FINANCIAL CONDITION (Continued)
Future significant uses of cash are expected to include capital expenditures, dividends to shareowners, acquisitions, repurchases of common stock in connection with the Companys stock repurchase program and may include contributions to the qualified pension plan trust. It is expected that each of these future uses of cash will be funded by cash generated by operating activities and commercial paper borrowings, or a new issue of debt or other securities. In addition, the Companys $150 million of 6.80% notes mature in April 2003. It is expected that the payment of the notes will be funded by existing cash or a combination of cash and commercial paper borrowings.

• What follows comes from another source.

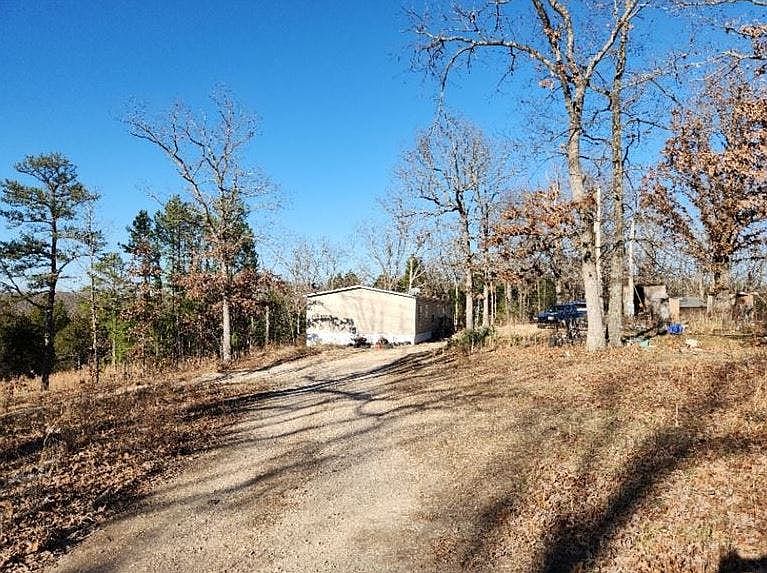 2nd image of 272 Gibson Creek Rd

In addition to cash generated by operating activities, the Company has access to existing financing sources, including the public debt markets and unsecured credit facilities with various banks. The Companys debt-to-total-capital ratio was 36.6 percent at December 31, 2002 and September 30, 2002.
The Company elects to utilize commercial paper markets as its principal source of short-term financing. During and at the end of the quarter ended December 31, 2002, the Company had no borrowings outstanding under its commercial paper program.
As of December 31, 2002, the Company had $675 million of unsecured committed credit facilities available to support its commercial paper borrowings, $337.5 million expiring in October 2003 and $337.5 million expiring in October 2005. Prior to October 2003, the Company expects to enter into a new credit facility similar to the credit facility expiring at that time in an amount deemed sufficient to support its operations. The terms of the credit facility contain a covenant under which the Company would be in default if the Companys debt to capital ratio were to exceed 60 percent. Outstanding commercial paper balances reduce the amount of available borrowings under the unsecured committed credit facilities.
The Companys current commercial paper credit ratings are as follows: Moodys (P-2), Standard & Poors (A-1) and Fitch (F1). Should the Companys access to the commercial paper market be adversely affected due to a change in market conditions or otherwise, the Company would expect to rely on a combination of available cash and the unsecured committed credit facilities to provide short-term funding. In such event, the cost of borrowings under the unsecured committed credit facilities could be higher than the cost of commercial paper borrowings.
ENVIRONMENTAL
Information with respect to the effect on the Company and its manufacturing operations of compliance with environmental protection requirements and resolution of environmental claims is contained on pages 54 and 55 in Note 19 of the Notes to Consolidated Financial Statements in Item 8, Consolidated Financial Statements and Supplementary Data, of the Companys Annual Report on Form 10-K for the fiscal year ended September 30, 2002. Management believes that at December 31, 2002, there has been no material change to this information.
CAUTIONARY STATEMENT
This Quarterly Report contains statements (including certain projections and business trends) accompanied by such phrases as believes, estimates, expect(s), anticipates, will, intends and other similar expressions, that are forward-looking statements as defined in the Private Securities Litigation Reform Act of 1995. Actual results may differ materially from those projected as a result of certain risks and uncertainties, including but not limited to economic and political changes in international markets where the Company competes, such as currency exchange rates, inflation rates, recession, foreign ownership restrictions and other external factors over which the Company has no control; demand for and market acceptance of new and existing products, including levels of capital spending in industrial markets; successful development of advanced technologies; competitive product and pricing pressures; future terrorist attacks; and the uncertainties of litigation, as well as other risks and uncertainties, including but not limited to those detailed from time to time in the Companys Securities and Exchange Commission filings. These forward-looking statements are made only as of the date hereof, and the Company undertakes no obligation to update or revise the forward-looking statements, whether as a result of new information, future events or otherwise.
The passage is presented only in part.